SUPPLIED RECORDS >>

--------------------------------

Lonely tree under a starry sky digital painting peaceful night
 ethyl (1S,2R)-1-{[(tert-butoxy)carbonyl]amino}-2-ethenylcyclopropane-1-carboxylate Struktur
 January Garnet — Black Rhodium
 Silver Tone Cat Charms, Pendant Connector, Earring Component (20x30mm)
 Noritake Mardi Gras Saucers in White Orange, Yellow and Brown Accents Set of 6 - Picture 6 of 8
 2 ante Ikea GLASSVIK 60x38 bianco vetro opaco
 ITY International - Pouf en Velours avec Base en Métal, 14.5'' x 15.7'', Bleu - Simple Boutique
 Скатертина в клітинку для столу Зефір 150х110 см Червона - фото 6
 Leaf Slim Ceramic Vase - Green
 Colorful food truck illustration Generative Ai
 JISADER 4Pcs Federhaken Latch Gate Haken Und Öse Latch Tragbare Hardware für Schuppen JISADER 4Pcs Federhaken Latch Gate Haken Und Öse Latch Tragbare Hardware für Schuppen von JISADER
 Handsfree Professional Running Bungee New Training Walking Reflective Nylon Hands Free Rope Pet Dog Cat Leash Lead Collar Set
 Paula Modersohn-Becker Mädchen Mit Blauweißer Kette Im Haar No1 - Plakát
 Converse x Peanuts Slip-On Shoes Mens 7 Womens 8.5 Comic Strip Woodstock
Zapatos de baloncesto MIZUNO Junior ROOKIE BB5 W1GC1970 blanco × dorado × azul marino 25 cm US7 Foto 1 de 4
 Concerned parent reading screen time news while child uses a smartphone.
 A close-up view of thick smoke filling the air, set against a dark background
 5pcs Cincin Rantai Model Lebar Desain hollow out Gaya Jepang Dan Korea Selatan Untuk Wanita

--------------------------------

PROBLEM TO SOLVE >> The response must consist solely of the lines from the first line of the entries through the line containing "ITY International - Pouf", repeated exactly.

ANSWER TO THE EXERCISE >>
Lonely tree under a starry sky digital painting peaceful night
 ethyl (1S,2R)-1-{[(tert-butoxy)carbonyl]amino}-2-ethenylcyclopropane-1-carboxylate Struktur
 January Garnet — Black Rhodium
 Silver Tone Cat Charms, Pendant Connector, Earring Component (20x30mm)
 Noritake Mardi Gras Saucers in White Orange, Yellow and Brown Accents Set of 6 - Picture 6 of 8
 2 ante Ikea GLASSVIK 60x38 bianco vetro opaco
 ITY International - Pouf en Velours avec Base en Métal, 14.5'' x 15.7'', Bleu - Simple Boutique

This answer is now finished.